Viewers are responsible for voting for each of the 60-second runs and the winner received US$25,000. A Berrics panel of judges will also award US$1,000 to the competitor who performs the best trick during their run.

On October 21, 2013, Felipe Gustavo was revealed as the winner of the Run & Gun contest and Madars Apse won the best trick award for a "wallie jam 50-50 on the handrail".

===2Up===
The Berrics commissioned the CA Ramp Works company to construct five modular blocks and 10 skateboarders were invited to film a segment, using the blocks and incorporating the manual trick (skateboarding only on two wheels). Skateboarders included Joey Brezinski, Koston, Cole, Song, and Youness Amrani, and the winner was voted by the fans of the website. Song was declared the winner on March 4, 2014 and received a trophy in addition to US$10,000 cash.

===In Transition===
The "In Transition" contest ran during October 2014. The Berrics "picked 10 of the most progressive skaters on the planet to choose one location each—any location in the world—and film a full part," and viewers will vote for the winner.

==Perspectives==
A multitude of opinions and perspectives have emerged since the success of the Berrics. In February 2013, US east coast skateboard photographer Ryan Gee explained his view:

I do think what the Berrics is doing is great.

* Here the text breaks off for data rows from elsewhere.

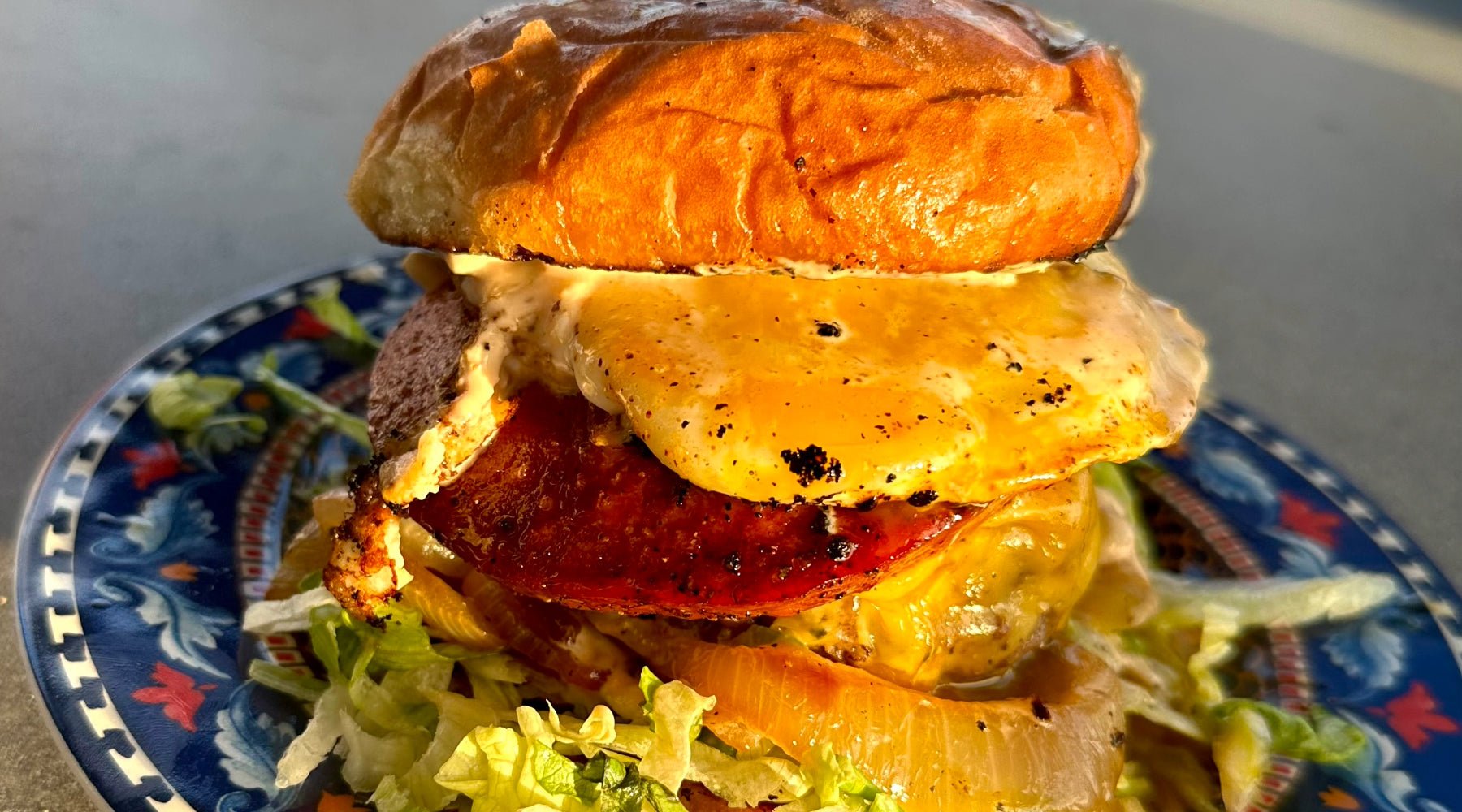 A close-up of a burger with melted cheese, a fried egg, crispy bologna, grilled onions, and lettuce on a toasted bun, served on a plate.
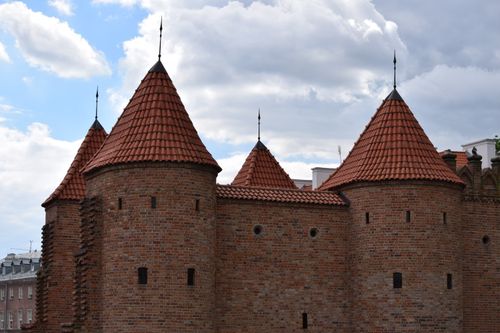 Free Majestic medieval brick towers of Warsaw Barbican against a partly cloudy sky. Stock Photo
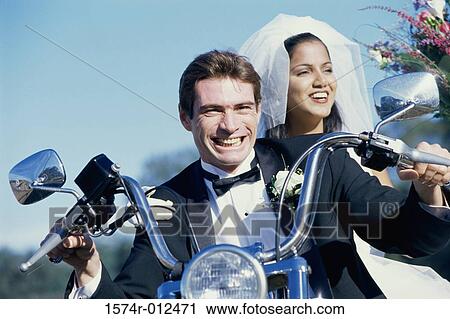 Stock Image - Close-up of a newlywed couple riding a motorcycle. Fotosearch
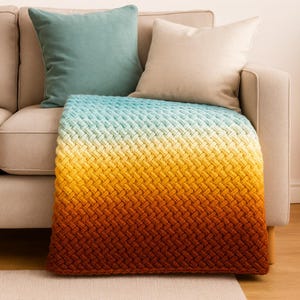 May include: A rectangular crochet blanket featuring a basketweave texture and a gradient color transition that shifts from a light teal at the top through yellow and orange to a deep rust brown at the bottom edge, draped over a beige sofa.
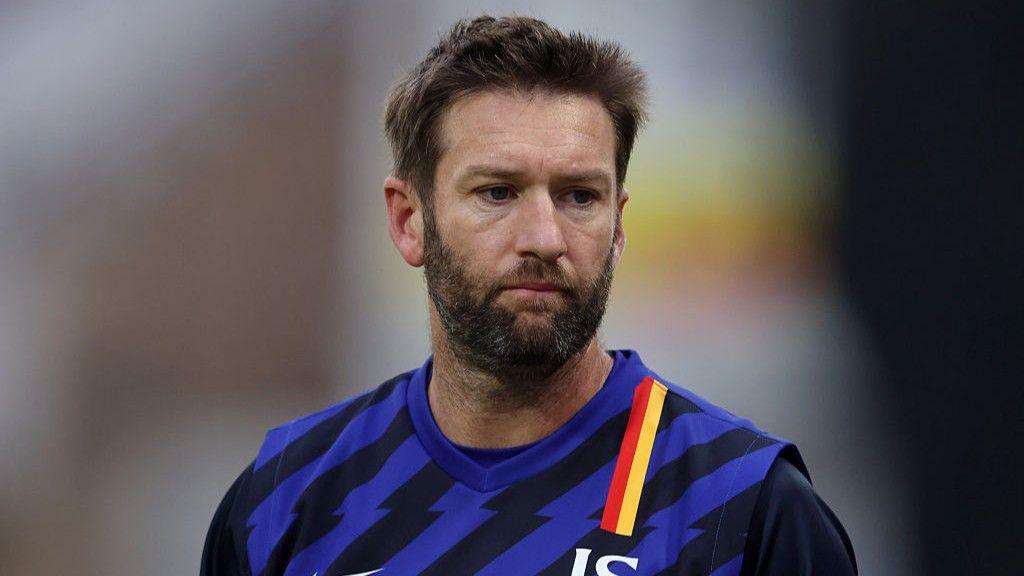 Andrew Tye looks on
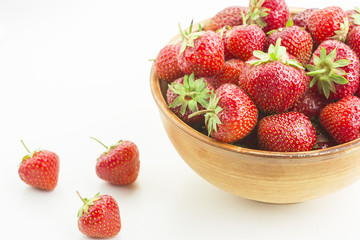 many berries ripe juicy strawberries in a wooden plate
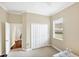 This bedroom features neutral walls and a window overlooking the neighborhood at 357 Marsh Creek Rd, Venice, FL 34292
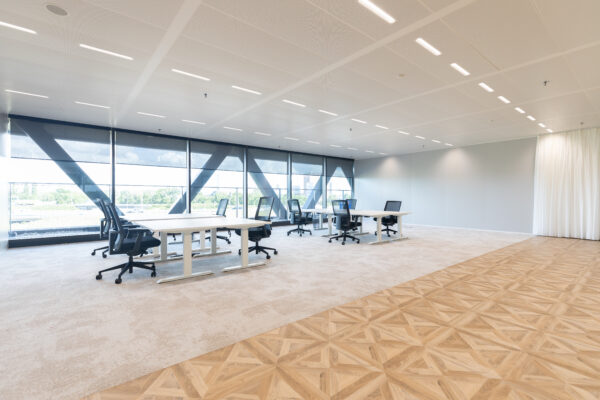 Moderne, ruime kantoorruimte in The Joan-29 met grote ramen, bureaus en ergonomische stoelen.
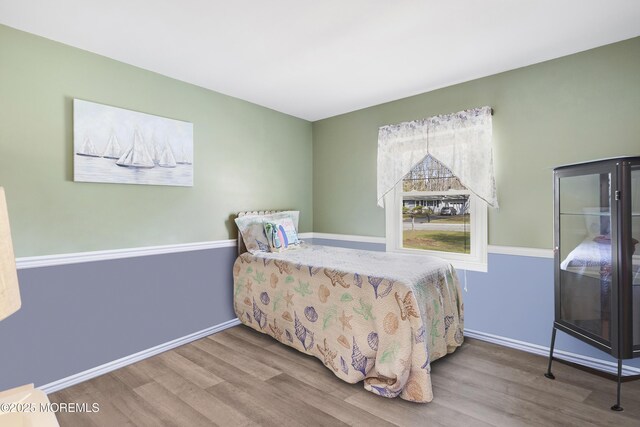 bedroom with baseboards and wood finished floors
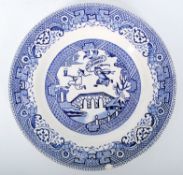 A blue and white transfer decorated China Craft side plate in the Willow pattern style with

I know some may disagree, but it's 2013. Gotta supply the kids with some great content from the Pro's and that site really keeps you up to date with cool video segments. One problem that may already be happening is that kids will grow up with only that and not expand their skating to the streets. Some may think putting out a video part at a park will get them sponsored.

Also in February 2013, Berra himself provided a perspective of the Berrics in relation to the other web-based skateboarding film media channels—Tony Hawk's RIDEChannel on YouTube, Red Bull, Network A (responsible for Rodriguez's Berra-directed LIFE series), and Allisports—that have been established in the US for a worldwide audience: "All making, in my opinion, subpar content that I don't think helps the “industry” more than it's helping YouTube sell commercials for cars and insurance companies."